Department of Pharmacology, School of Pharmacy, Fudan University, Shanghai, China.
Department of Organ Transplantation, Shanghai Changzheng Hospital, Second Military Medical University, Shanghai, China.
FASEB J. 2022 Jul;36(7):e22399. doi: 10.1096/fj.202200241RR.

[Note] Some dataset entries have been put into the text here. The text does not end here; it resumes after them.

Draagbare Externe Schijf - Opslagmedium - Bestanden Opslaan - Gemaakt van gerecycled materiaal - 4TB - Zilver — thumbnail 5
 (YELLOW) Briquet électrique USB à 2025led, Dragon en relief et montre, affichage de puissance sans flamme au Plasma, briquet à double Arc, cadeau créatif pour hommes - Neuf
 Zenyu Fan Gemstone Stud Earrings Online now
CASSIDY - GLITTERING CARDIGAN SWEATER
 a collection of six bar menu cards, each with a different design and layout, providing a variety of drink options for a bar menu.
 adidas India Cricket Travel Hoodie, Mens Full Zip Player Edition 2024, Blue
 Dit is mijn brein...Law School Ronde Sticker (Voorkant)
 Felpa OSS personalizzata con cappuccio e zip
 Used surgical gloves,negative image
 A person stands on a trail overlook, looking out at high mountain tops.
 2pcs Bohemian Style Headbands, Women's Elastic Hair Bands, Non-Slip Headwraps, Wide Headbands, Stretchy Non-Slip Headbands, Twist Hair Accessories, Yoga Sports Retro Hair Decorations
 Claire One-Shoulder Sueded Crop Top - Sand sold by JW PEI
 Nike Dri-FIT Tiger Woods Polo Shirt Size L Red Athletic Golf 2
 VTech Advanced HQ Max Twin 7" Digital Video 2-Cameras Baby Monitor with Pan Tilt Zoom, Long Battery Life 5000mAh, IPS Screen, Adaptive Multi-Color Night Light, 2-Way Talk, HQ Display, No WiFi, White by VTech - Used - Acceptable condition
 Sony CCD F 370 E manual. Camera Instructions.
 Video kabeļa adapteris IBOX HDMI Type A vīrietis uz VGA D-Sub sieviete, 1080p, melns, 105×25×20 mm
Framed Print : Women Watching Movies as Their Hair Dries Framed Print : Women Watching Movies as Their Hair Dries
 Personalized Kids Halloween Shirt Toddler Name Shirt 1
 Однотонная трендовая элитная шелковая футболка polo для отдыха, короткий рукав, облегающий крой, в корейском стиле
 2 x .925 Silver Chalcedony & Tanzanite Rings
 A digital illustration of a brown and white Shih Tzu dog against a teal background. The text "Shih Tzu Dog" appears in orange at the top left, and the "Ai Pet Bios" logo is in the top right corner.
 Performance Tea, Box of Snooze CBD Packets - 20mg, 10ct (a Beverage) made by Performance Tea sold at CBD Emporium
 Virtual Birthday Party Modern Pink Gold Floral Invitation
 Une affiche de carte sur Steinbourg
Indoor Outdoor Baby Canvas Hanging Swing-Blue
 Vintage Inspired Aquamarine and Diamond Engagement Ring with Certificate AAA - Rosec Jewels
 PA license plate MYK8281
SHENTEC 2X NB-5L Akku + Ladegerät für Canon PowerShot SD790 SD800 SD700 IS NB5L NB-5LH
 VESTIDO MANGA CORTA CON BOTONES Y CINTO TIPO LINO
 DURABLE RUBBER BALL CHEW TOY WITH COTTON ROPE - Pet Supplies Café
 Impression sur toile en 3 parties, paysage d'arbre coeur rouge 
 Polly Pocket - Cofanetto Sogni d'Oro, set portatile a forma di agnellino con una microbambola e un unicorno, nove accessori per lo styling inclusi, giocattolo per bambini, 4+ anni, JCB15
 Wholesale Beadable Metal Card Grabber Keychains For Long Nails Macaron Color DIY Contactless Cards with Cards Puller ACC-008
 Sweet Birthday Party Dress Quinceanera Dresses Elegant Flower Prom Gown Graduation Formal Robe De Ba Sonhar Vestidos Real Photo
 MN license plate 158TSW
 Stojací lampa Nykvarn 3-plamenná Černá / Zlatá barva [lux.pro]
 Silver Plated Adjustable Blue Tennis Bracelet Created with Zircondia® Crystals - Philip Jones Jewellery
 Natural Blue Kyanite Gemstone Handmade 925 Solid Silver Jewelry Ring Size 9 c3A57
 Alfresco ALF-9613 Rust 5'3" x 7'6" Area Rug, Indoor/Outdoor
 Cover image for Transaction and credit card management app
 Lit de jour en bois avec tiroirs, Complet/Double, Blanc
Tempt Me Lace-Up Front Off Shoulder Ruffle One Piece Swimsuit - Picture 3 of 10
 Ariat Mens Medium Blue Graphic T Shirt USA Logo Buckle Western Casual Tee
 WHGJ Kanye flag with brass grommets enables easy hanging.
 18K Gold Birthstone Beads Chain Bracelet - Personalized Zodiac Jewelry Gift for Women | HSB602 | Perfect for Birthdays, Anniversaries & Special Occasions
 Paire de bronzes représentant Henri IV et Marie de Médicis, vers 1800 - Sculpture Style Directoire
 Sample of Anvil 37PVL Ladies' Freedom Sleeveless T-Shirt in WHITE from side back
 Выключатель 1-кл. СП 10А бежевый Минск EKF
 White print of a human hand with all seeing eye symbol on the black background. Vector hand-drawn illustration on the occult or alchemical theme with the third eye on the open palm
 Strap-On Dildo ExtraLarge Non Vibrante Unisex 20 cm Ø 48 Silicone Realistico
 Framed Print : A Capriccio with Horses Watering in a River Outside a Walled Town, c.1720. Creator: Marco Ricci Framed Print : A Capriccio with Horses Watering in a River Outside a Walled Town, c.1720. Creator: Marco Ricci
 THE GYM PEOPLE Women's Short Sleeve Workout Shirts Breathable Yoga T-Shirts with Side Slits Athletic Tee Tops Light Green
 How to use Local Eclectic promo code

Acute kidney injury (AKI) is a common clinical problem and an efficacious treatment is lacking. Ferroptosis, a newly discovered type of programmed cell death, has been reported to alleviate renal tubular injury in ischemia/reperfusion-induced acute kidney injury (I/R-AKI). Entacapone is a specific inhibitor of catechol-O-methyltransferase, which is used as an adjuvant drug against Parkinson's disease. We demonstrated that entacapone prevents renal I/R injury by inhibiting ferroptosis. Compared with a sham group, entacapone treatment mitigated I/R-induced pathological alterations, improved renal function, and inhibited ferroptosis. In HK-2 cells, entacapone treatment significantly reduced the lipid peroxidation and iron accumulation induced by the ferroptosis inducers erastin and RSL3, and significantly regulated expression of ferroptosis-related proteins. Entacapone upregulates p62 expression and affects the p62-KEAP1-NRF2 pathway, thereby upregulating nuclear translocation of NRF2. This action results in increased expression of the downstream SLC7A11, and significant suppression of oxidative stress and ferroptosis. Our results identify entacapone as a ferroptosis inhibitor that enhances antioxidant capacity. Entacapone may serve as a novel strategy to improve treatment of, and recovery from, I/R-AKI.
急性肾损伤(AKI)是一种常见的临床问题,目前缺乏有效的治疗方法。铁死亡是一种新发现的程序性细胞死亡方式,有研究报道其可减轻缺血/再灌注诱导的急性肾损伤(I/R-AKI)中的肾小管损伤。恩他卡朋是儿茶酚-O-甲基转移酶的特异性抑制剂,被用作治疗帕金森病的辅助药物。我们证明,恩他卡朋通过抑制铁死亡来预防肾 I/R 损伤。与假手术组相比,恩他卡朋治疗减轻了 I/R 引起的病理改变,改善了肾功能,并抑制了铁死亡。在 HK-2 细胞中,恩他卡朋处理显著减少了铁死亡诱导剂 erastin 和 RSL3 引起的脂质过氧化和铁积累,并显著调节了铁死亡相关蛋白的表达。恩他卡朋上调了 p62 的表达并影响了 p62-KEAP1-NRF2 通路,从而促进了 NRF2 的核转位。这一作用导致下游 SLC7A11 的表达增加,显著抑制了氧化应激和铁死亡。我们的结果表明,恩他卡朋是一种增强抗氧化能力的铁死亡抑制剂。恩他卡朋可能成为改善 I/R-AKI 治疗和恢复的新策略。